Au cours des deux dernières années, quelques auteurs, dont Maureen Martineau, Isabelle Lafortune, Julien Gravelle et Isabelle Grégoire, ont publié des polars dont l’action se situe dans les vastes étendues du Nord québécois, exemple suivi récemment par Christian Ricard, Ronald Lavallée et le duo Sébastien Gagnon et Michel Lemieux, inspirés à leur tour par l’attrait mystérieux de la forêt boréale.

L’action d’Une piste sanglante, mi-western nordique, mi-roman noir de Christian Ricard, se situe à Natashquan et met en scène Manic Ricard, un homme sans histoire dont la vie va brutalement basculer dans le drame du jour au lendemain. Déboussolé par la mort subite de son père, pris d’une soudaine envie d’espace, il décide, sur un coup de tête, de partir à Natashquan pour retrouver Waban, un vieil ami innu de son père dont la fille a disparu sans laisser de traces, comme d’autres jeunes femmes de la région. Si l’accueil de Waban est très chaleureux, il n’en est pas de même pour des inconnus armés et cagoulés, membres de gangs et de trafiquants locaux qui ordonnent à Manic de quitter la région. Sa présence semble déranger leurs activités illicites. Mais Manic refuse et dès lors, la violence se déchaîne. Incendies criminels, tentatives de meurtre, fusillades et poursuites se succèdent à un rythme infernal. Manic et Waban sont plongés, bien malgré eux, dans une mêlée sauvage qui va faire de nombreuses victimes et révéler la nature des activités illicites des gangs criminels actifs dans cette région isolée, ainsi que leur véritable identité. Par ailleurs, ce roman pose aussi un regard intéressant, « unique et vivant sur les drames et les drôleries de la vie au pays des Innus ».

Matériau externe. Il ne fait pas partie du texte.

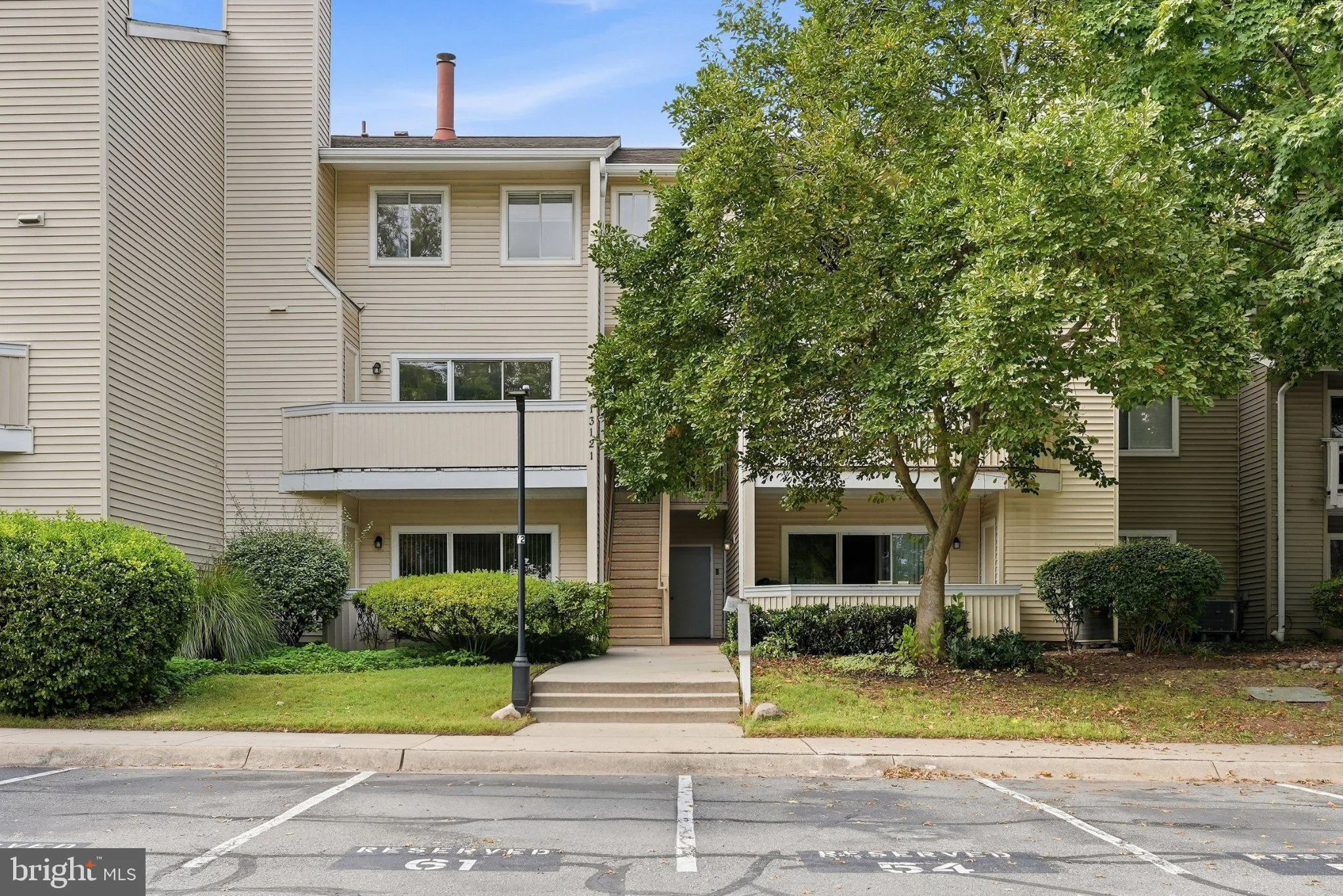 13121 WONDERLAND WAY, Germantown, MD 20874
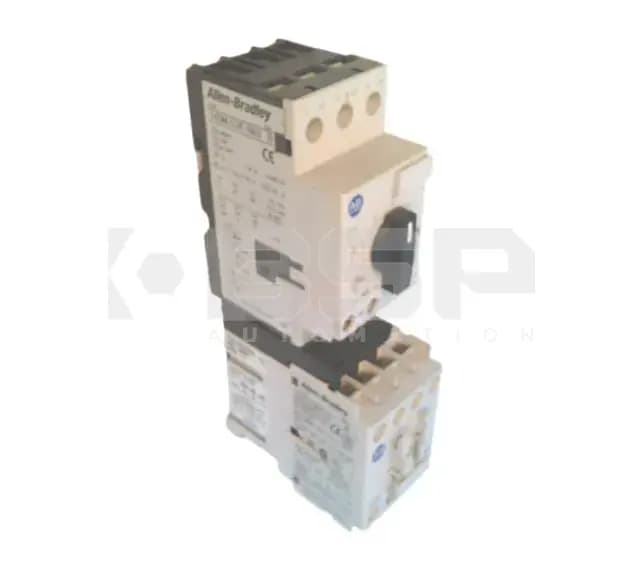 Allen Bradley 190E-ANKD2-CB63B-F11 Allen Bradley 190E-ANKD2-CB63B-F11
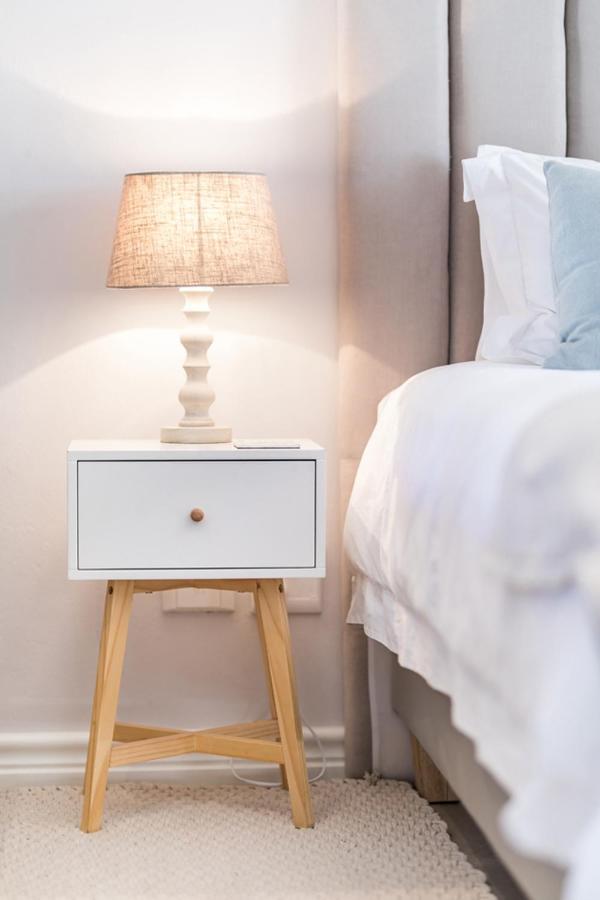 Sunrise Bay Self Catering Διαμέρισμα Plettenberg Bay Εξωτερικό φωτογραφία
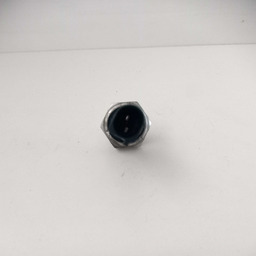 SENSOR PRESSÃO ÓLEO VOLKSWAGEN VIRTUS MSI 1.6 2017 A 2021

L’action de Territoire de trappe, roman très noir de Sébastien Gagnon et Michel Lemieux, se passe en décembre 1913 dans un bled paumé du « Nord-Ouest québécois arriéré », à deux jours de marche de la rivière Mistassini. Les habitants semblent sortis tout droit d’une toile de Jérôme Bosch et constituent « un échantillonnage inquiétant de vagabonds, de parvenus et de mesquins désavoués au sud. Les coupe-jarrets et autres réprouvés viennent y mourir dans le froid, l’ivrognerie et la désolation ». Quand le trappeur Léon rentre au village avec ses compagnons Cyprien, Wilbrod et Reth, à la fin de leur saison de trappe, il apprend que son épouse Almas est décédée et que sa fille Rose est morte noyée. Rapidement, il découvre que dans les faits, Rose a été violée, puis étranglée par Adhémar, le maire du village. Tout le village, y compris le curé, est au courant, mais personne n’a rien fait. Fou de rage, Léon embarque Cyprien et Wilbrod (Reth s’abstient…) dans une expédition punitive contre les villageois. Dès lors l’enfer se déchaîne et, dans un climat de folie meurtrière, les tueries, les viols et autres actions violentes, souvent racontés avec force détails graphiques, se succèdent à un rythme effarant. Heureusement, le tout est assaisonné d’un humour très noir qui contraste quelque peu avec l’horreur et l’ambiance souvent glauque du récit.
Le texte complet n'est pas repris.